Much technical work has been done on systems for learning from human preferences. Deep Reinforcement Learning from human preferences explores using human feedback to train simulated agents using RL. Iterated Distillation and Amplification is a technical alignment proposal that aims to maintain alignment in an AGI by having a human repeatedly engage in a delegation process with copies of an AI. AI Safety Via Debate focuses on using a human judge to moderate a debate between AIs. All of these approaches are methods for aligning AIs to fairly arbitrary targets, leaving the choice of alignment target unspecified. Our work attempts to clarify what possible alignment targets could look like.

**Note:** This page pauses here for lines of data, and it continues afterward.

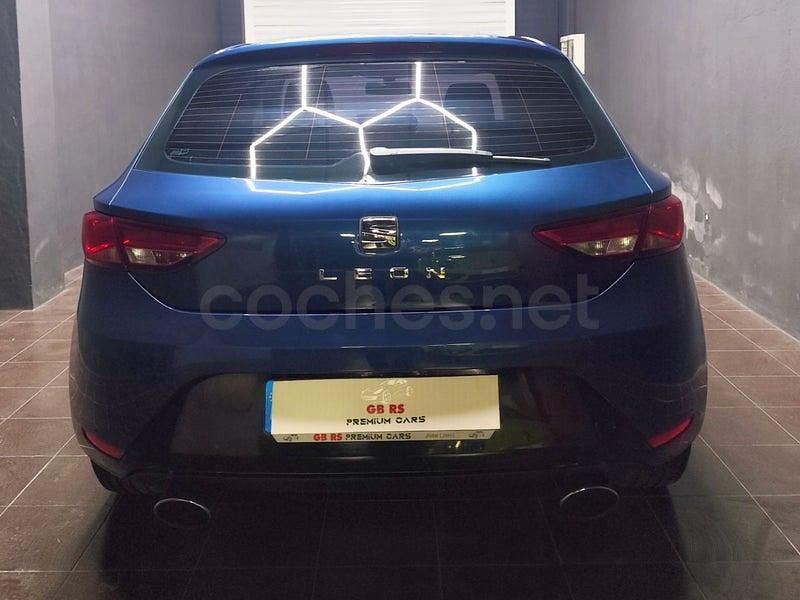 Usado Seat Leon 150 HP (110 kW) 2020 Azul Sedan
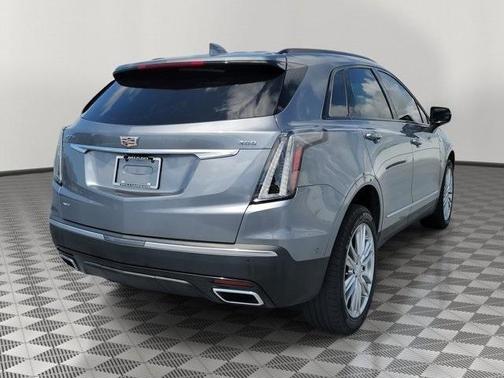 2022 Cadillac XT5 Sport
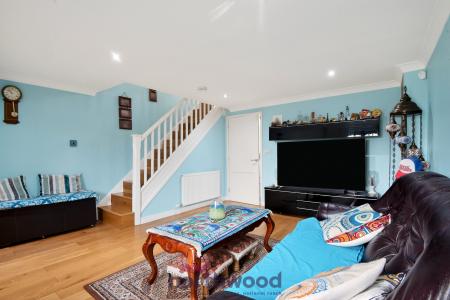 3 bedroom Semi-detached house to let in Blackamoor Lane, Maidenhead, SL6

On the philosophy side, Artificial Intelligence, Values, and Alignment argues that normative and technical problems of alignment are interrelated, delineates between multiple conceivable alignment targets, and argues for “fair principles for alignment that receive reflective endorsement despite widespread variation in people’s moral beliefs.” AI Safety needs Social Scientists highlights the potential for social scientists to contribute to alignment via improving understanding of human’s ability to judge debates. This essay in particular motivated us to think about the ways in which human preferences around reflection procedures could have consequences for AI safety.

There are a variety of philosophical works that point to problems and potential solutions in choosing a particular reflection procedure for coming to idealized values. On the Limits of Idealized Values discusses various ways of improving values through reflection procedures, and highlights the need to make a “subjective” choice of reflection procedure in choosing idealized values. Moral Uncertainty Towards a Solution and The Parliamentary Approach to Moral Uncertainty describe a potential “parliamentary” method for making decisions under uncertainty between competing moral theories. Coherent Extrapolated Volition is one other possible target for alignment, given people’s imperfect understanding of their own idealized values. A Formalization of Indirect Normativity lays out a formal definition for a utility function that arises from a particular idealization process.

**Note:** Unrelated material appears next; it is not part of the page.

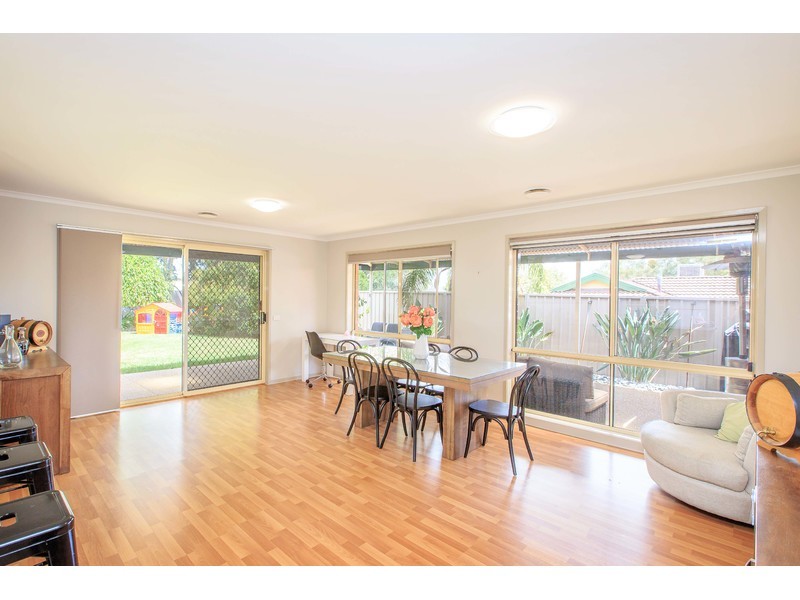 7 Meyer Place, Thurgoona NSW 2640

With these philosophical difficulties in mind and the apparent importance of the choice of reflection procedure for alignment, we survey respondents about their attitudes towards various reflection procedures for setting social policy and coming to better beliefs.

Methodology—short description

We tried to follow the classic guidelines of social science for setting up the questionnaire. For example, we iterated the questionnaire multiple times asking the participants to describe how they understood the question, whether they found it repetitive, whether they felt like we were missing important components, randomized the order of the questions, etc.

After we were satisfied with the questionnaire, we collected answers from ~1000 US citizens.

You can find a more detailed description of the setup in Appendix A and the full questionnaire in Appendix C. The rest of the report can be understood without looking into the appendices though.

We are happy to provide our data and analysis to people who are interested.

Part I: moral beliefs

In the first section of the questionnaire, we asked participants about their moral beliefs directly. We chose eight questions ranging from abortion over incest to eating meat. We chose these questions because we think they broadly represent common clusters of moral disagreement but ultimately these choices were arbitrary.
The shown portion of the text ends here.